Ricardo André Vasconcelos: Como grãos de areia
Ricardo André Vasconcelos - Atualizado em 28/12/2024 10:15
Folha no Ar com Ricardo André
Folha no Ar com Ricardo André / Genilson Pessanha
Se as democracias estão morrendo pelo mundo ou se o problema se restringe a uma de suas facetas — a crise de representação política — só o tempo dirá. Consenso mesmo é a constatação de que alguma coisa está fora da ordem, em transição para um status quo incerto e não sabido.
Apenas como reflexão, podemos imaginar que nesses poucos milhares de anos que conhecemos como nossa civilização houve momentos de processos de mudanças e que só foram demarcados muito depois, às vezes, séculos. Por isso, qualquer previsão, conclusão ou especulação têm amplas de chances de dar de cara com o paredão impiedoso da História.
Convencionou-se, por exemplo, que a tomada da Bastilha, que levou à eclosão da Revolução Francesa (1789), marca o fim da Idade Moderna e o início da Idade Contemporânea, que se arrasta (por enquanto) até nossos dias. Antes, a Idade Média, conhecida como Era das Trevas, teve início com a queda do último imperador romano, Rômulo Augusto, em 476 dC até a tomada de Constantinopla pelos Turcos, em 1456, pondo fim a oito séculos de horrores, inquisição em contraposição à ascensão do iluminismo, humanismo e a descoberta do novo mundo ao Sul do Globo Terrestre.
Aliás, nas trevas da Idade Média a Terra era plana e centro do universo. A pena para quem discordasse era a fogueira da “santa” Inquisição da Igreja católica. Galileu Galilei teve de abjurar suas convicções científicas na sábia opção por manter a prodigiosa cabeça hígida sobre os ombros.

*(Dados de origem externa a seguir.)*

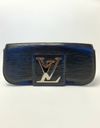 Clutch Louis Vuitton SoBe Epi Verniz 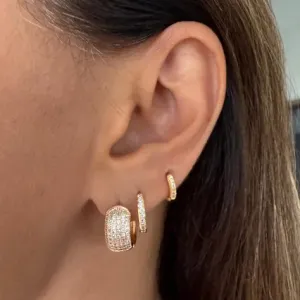 Brinco Argola Abaulada Cravejada Microzircônias - Banhado a Ouro 18K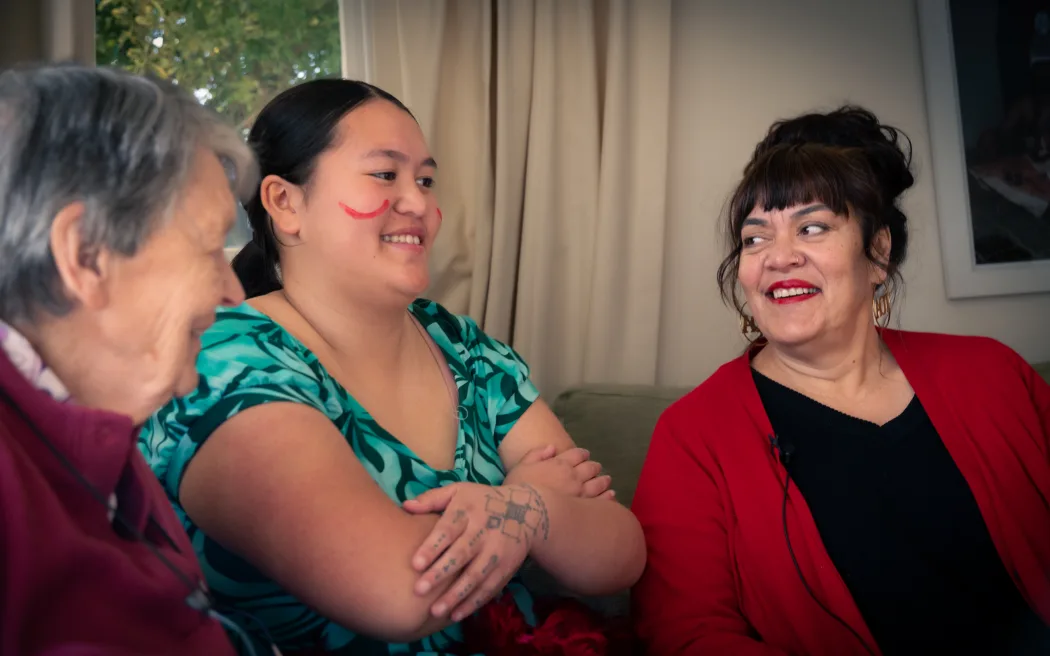 Tusiata Avia: Tiếng nói của cộng đồng Pasifika New Zealand 4 Tusiata Avia with her daughter Sepela and mother.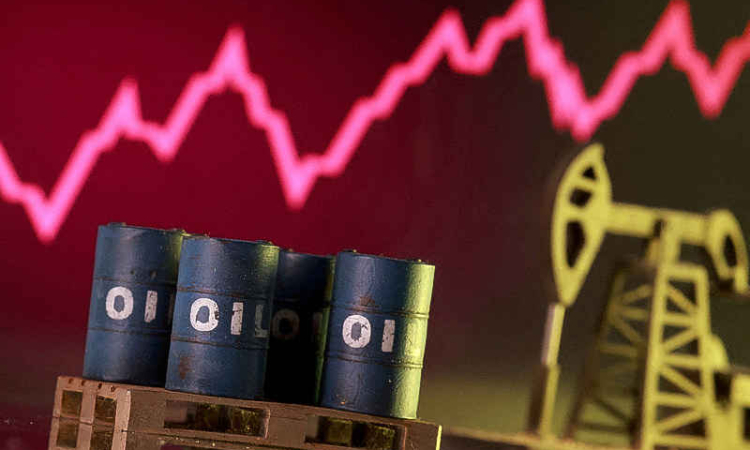 Oil settles over $100 as  Houthi attacks intensify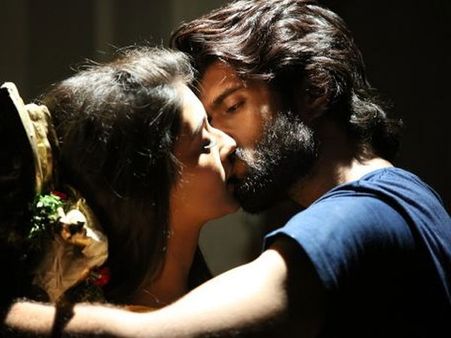 విజయ్ దేవరకొండ సుదీర్ఘమైన లిప్‌లాక్.. హీరోయిన్‌ కూడా రెడీ.. సౌత్‌లోనే రికార్డట..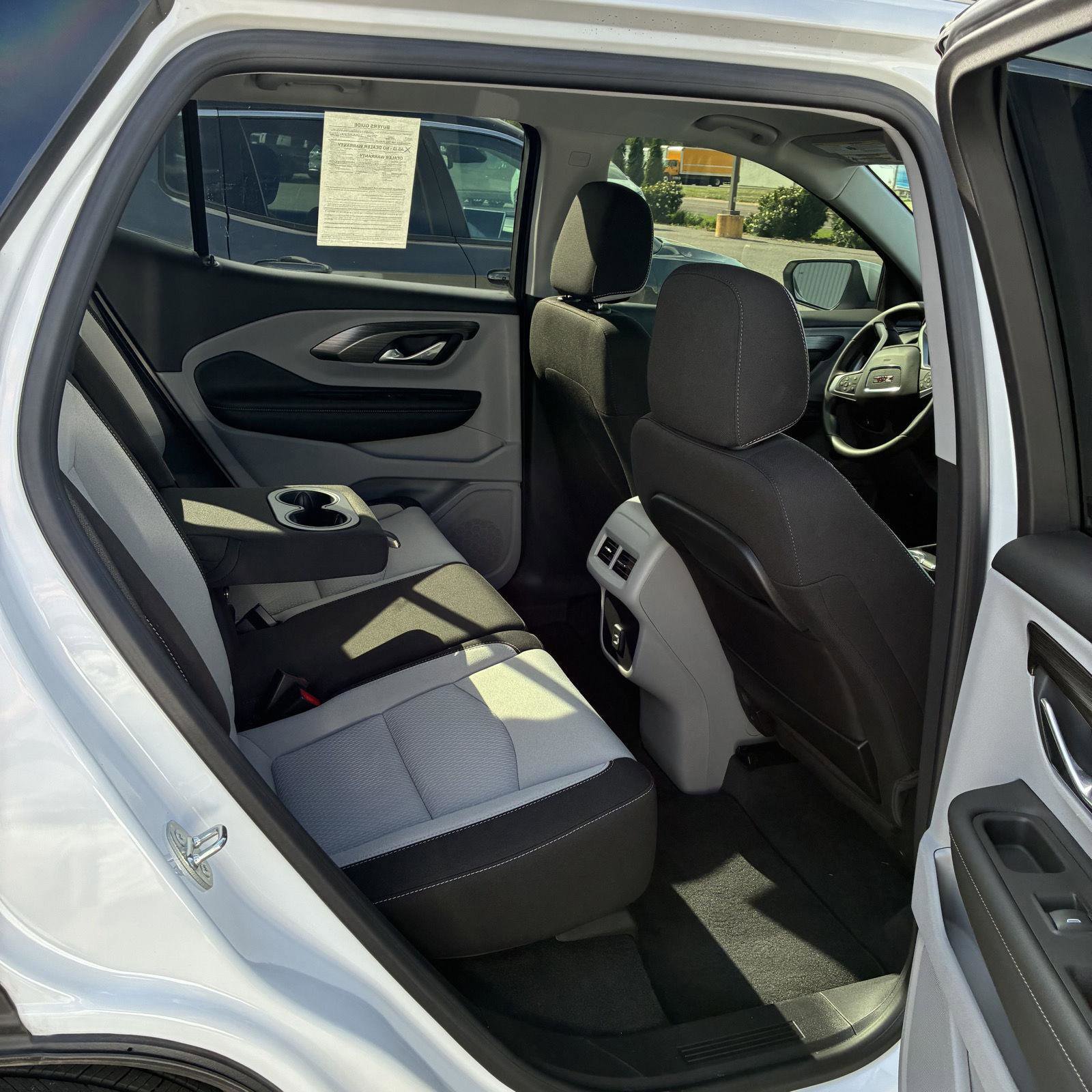 Used 2024 GMC Terrain SLE w/ Driver Convenience Package image 11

Pois é. Desde que o mundo é mundo essas transformações ocorrem nas sociedades de tempos em tempos e com a velocidade condizente com cada época. Mas um aspecto é possível destacar como traço comum em todas essas passagens entre as Eras: a evolução. Vendo na distância do hoje temporal nos faz crer que a seguinte mostrou-se melhor que a que antecedera e assim sucessivamente. A História Antiga, por exemplo, que teria durado três mil e tantos anos, foi precedida de milhares de anos da Pré-história, enquanto entre a Antiga e a Moderna foram outros quatro mil anos e entre esta e Idade Média outros dois mil anos. Como dito, a Era classificada como Idade Média teve seus 800 anos, mas a seguinte, a Moderna, apenas 350 anos.
A Idade Contemporânea, inaugurada com as cabeças da realeza rolando em praça pública numa Paris infinitamente menos charmosa que a atual, seria a que estamos vivendo neste primeiro quarto do século XXI e na iminência de uma nova compartimentação histórica.
Há discussões acadêmicas sobre isso e algumas conclusões de que já sobrevieram pelo menos duas Eras depois da Contemporânea: a Pós-Moderna e uma outra que não se sabe o nome, mas que o marco inauguratório teria sido a criação de um sistema de comunicação militar chamado Internet, que se espraiou pelo universo com velocidade e abrangência infinitamente maiores que os inventos mais fantásticos conhecidos até então.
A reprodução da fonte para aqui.